* _WHAT TO DO_:
The copy should hold exactly the lines below from the one that contains "Used 2022 Subaru" through the one that contains "Entire 5-6brs House In Saigon Centre *" and nothing else, so no pictures.

* _RECORD EXCERPTS_:
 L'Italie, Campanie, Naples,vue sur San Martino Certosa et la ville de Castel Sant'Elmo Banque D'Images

--

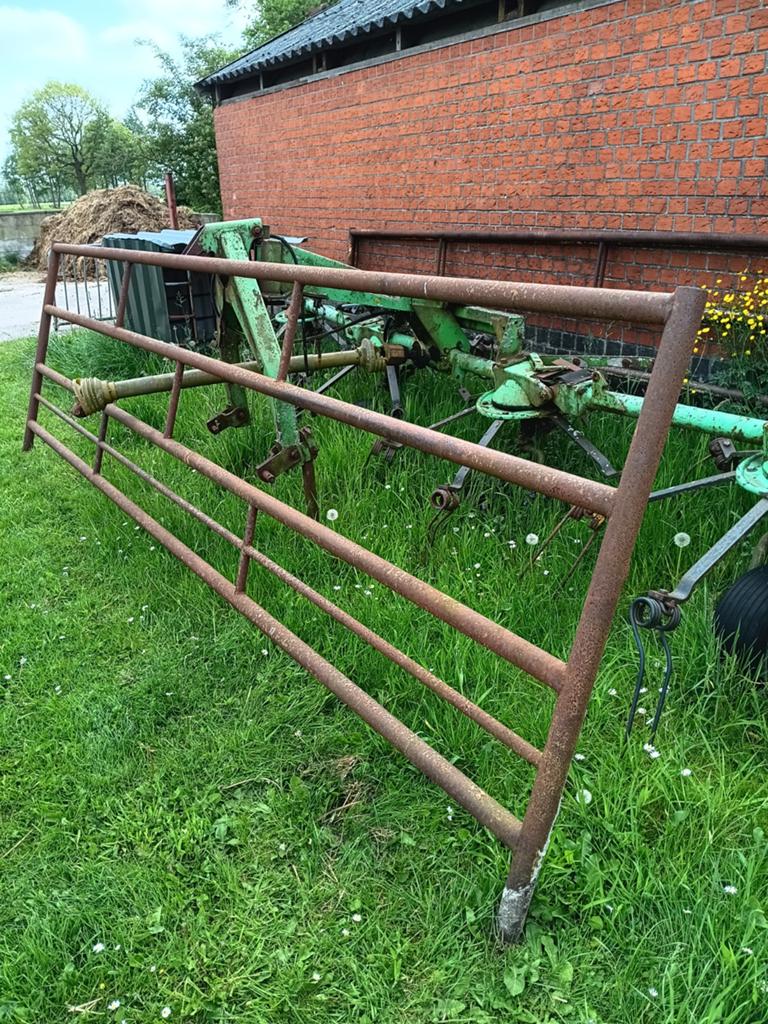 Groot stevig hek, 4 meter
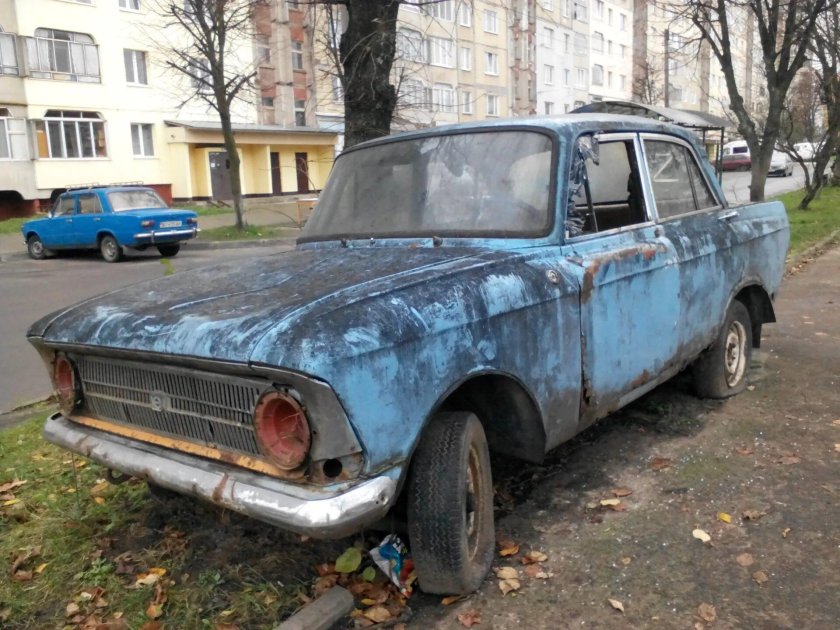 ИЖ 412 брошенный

--

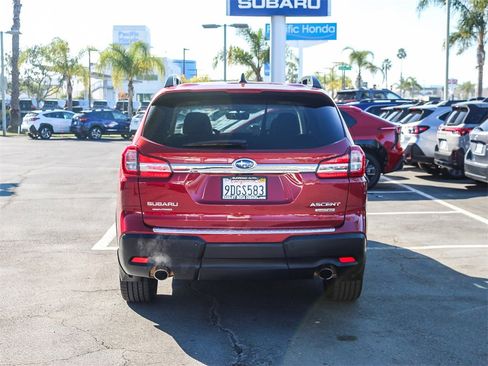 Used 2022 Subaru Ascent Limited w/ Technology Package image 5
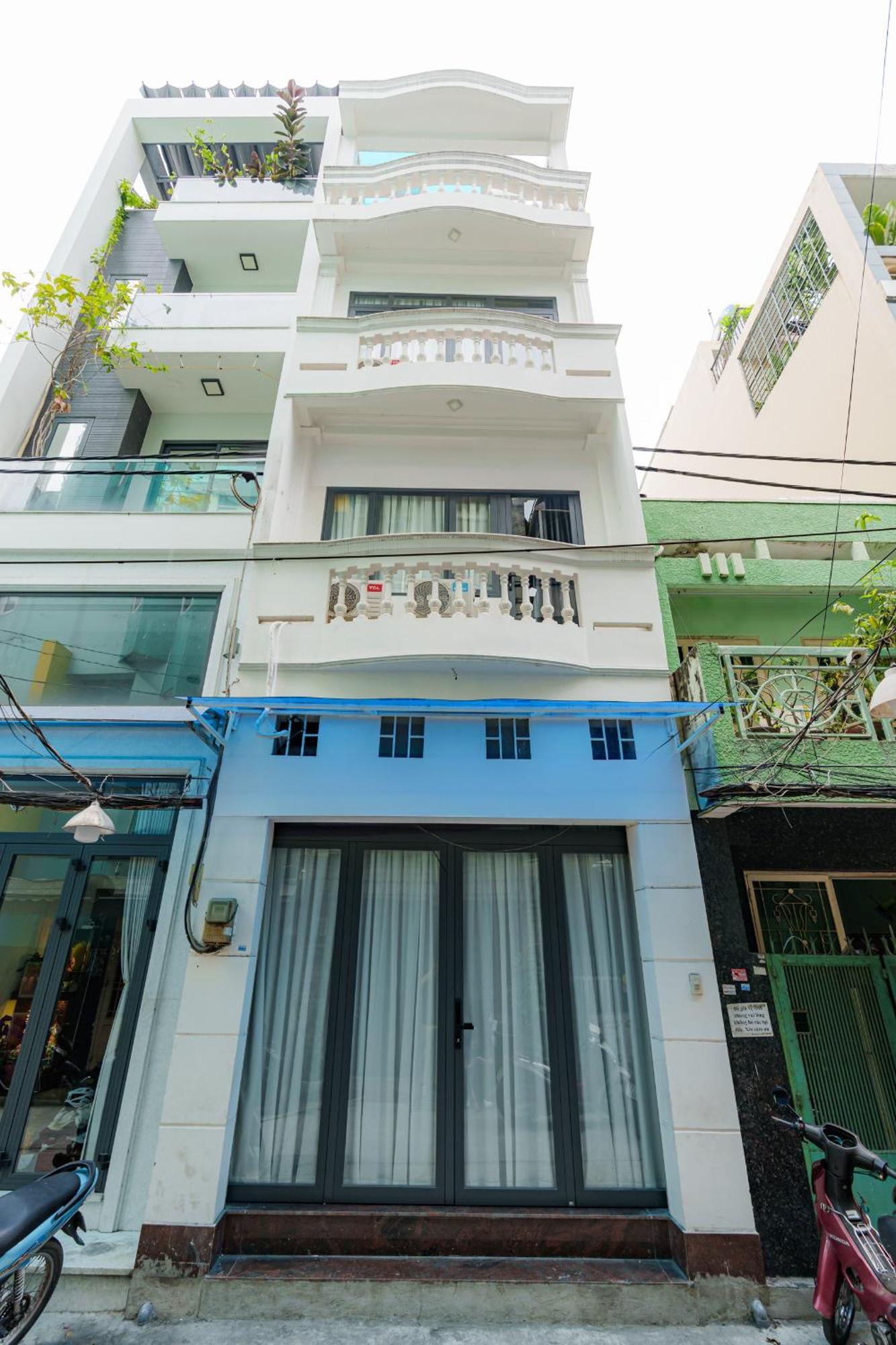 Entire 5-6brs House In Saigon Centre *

* _TASK RESPONSE_:
 Used 2022 Subaru Ascent Limited w/ Technology Package image 5
 Entire 5-6brs House In Saigon Centre *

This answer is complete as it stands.